Le monstre venu d’ailleurs est la seule vraie vedette du film
Finalement, la véritable vedette et principale attraction du film vient bien du fameux Blob. Cette masse gélatineuse rose a la particularité de grossir à force de se nourrir d’êtres humains. Et sur ce point, Chuck Russell et Frank Darabont ont été particulièrement généreux puisque les meurtres sont nombreux, très souvent gore et très imaginatifs. Certes, ils reprennent à leur compte certaines idées vues dans l’original de 1958 comme la séquence de l’attaque du cinéma, mais ils parviennent à chaque fois à surpasser le métrage plutôt faible avec le jeune Steve McQueen. En référence évidente ià Psychose d’Hitchcock, des personnages que l’on pensait centraux sont sacrifiés. Et la mort atroce d’un gamin d’une dizaine d’années est impressionnante.
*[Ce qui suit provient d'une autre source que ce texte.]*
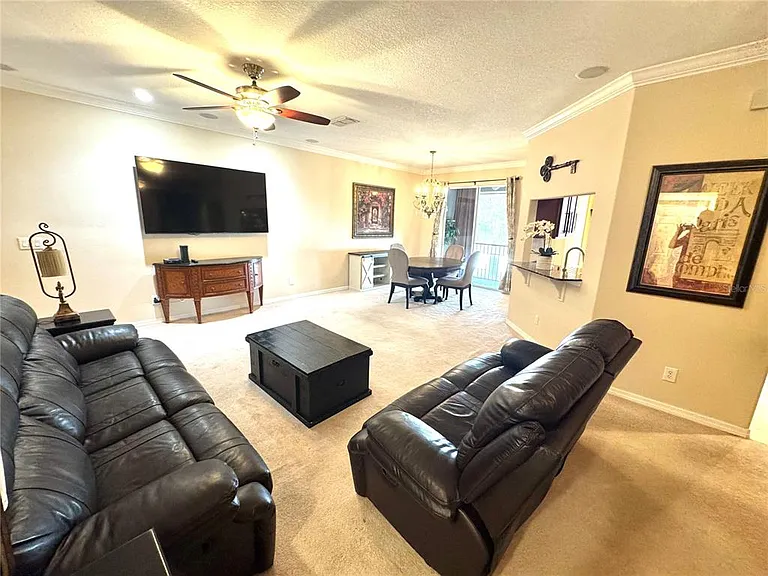 1483 Hillview Ln — Photo 3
Enfin, contrairement au film des années 50 qui était une énième métaphore de l’invasion communiste, Le Blob des années 80 préfère introduire la notion d’un complot gouvernemental en vue de se doter d’une arme bactériologique. Dès lors, l’ennemi n’est plus extérieur, mais bien niché au cœur des institutions du pays, ce qui rejoint les interrogations d’un John Carpenter.
Le Blob ou l’histoire d’un échec commercial
Jamais exceptionnel, mais tourné avec un réel amour du genre et une indéniable efficacité immédiate, Le Blob possède en plus des effets spéciaux traditionnels qui tiennent encore bien la route de nos jours. D’une belle générosité en matière de morts atroces et d’action, le film s’avère un divertissement tout à fait recommandable. Pourtant, le long-métrage a été un gros échec lors de sa sortie aux États-Unis où il n’a généré que 8,2 M$, très éloigné du budget consacré à sa production. Le concept a sans doute paru trop vieillot à la jeune génération qui a visiblement boudé le long-métrage, pourtant sorti avec la force de frappe d’un grand studio.
Cet échec commercial a été confirmé en France malgré une présentation au Festival d’Avoriaz en 1989 où le métrage a décroché le Prix des meilleurs effets spéciaux. Sorti dans la foulée début février 1989, Le Blob n’est entré qu’en sixième position du box-office parisien lors de sa semaine d’investiture avec 40 701 curieux. Malheureusement, le métrage s’est rapidement écroulé, perdant 50 % de sa fréquentation d’une semaine sur l’autre. Le Blob s’éteint au bout de six semaines d’exploitation avec 79 478 tickets vendus à Paris.
Un échec qui a entravé la carrière de Chuck Russell
Dans le reste de la France, Le Blob entre en 5ème position la première semaine avec 124 112 spectateurs. L’écroulement est similaire à celui de Paris avec une extinction mi-mars autour de 373 711 entrées, ce qui est également décevant.
Cet échec a bien évidemment enterré l’idée de développer une suite, tandis que le cinéaste Chuck Russell a perdu du crédit auprès des producteurs. Il n’est revenu à la réalisation que six ans plus tard avec le cartoonesque The Mask (1994) qu’il signe d’ailleurs de son prénom Charles, comme pour mieux faire oublier son passé dans l’horreur. La comédie avec Jim Carrey fut un tel triomphe que sa carrière fut relancée durant une courte période, avant de sombrer à nouveau dans un anonymat certain.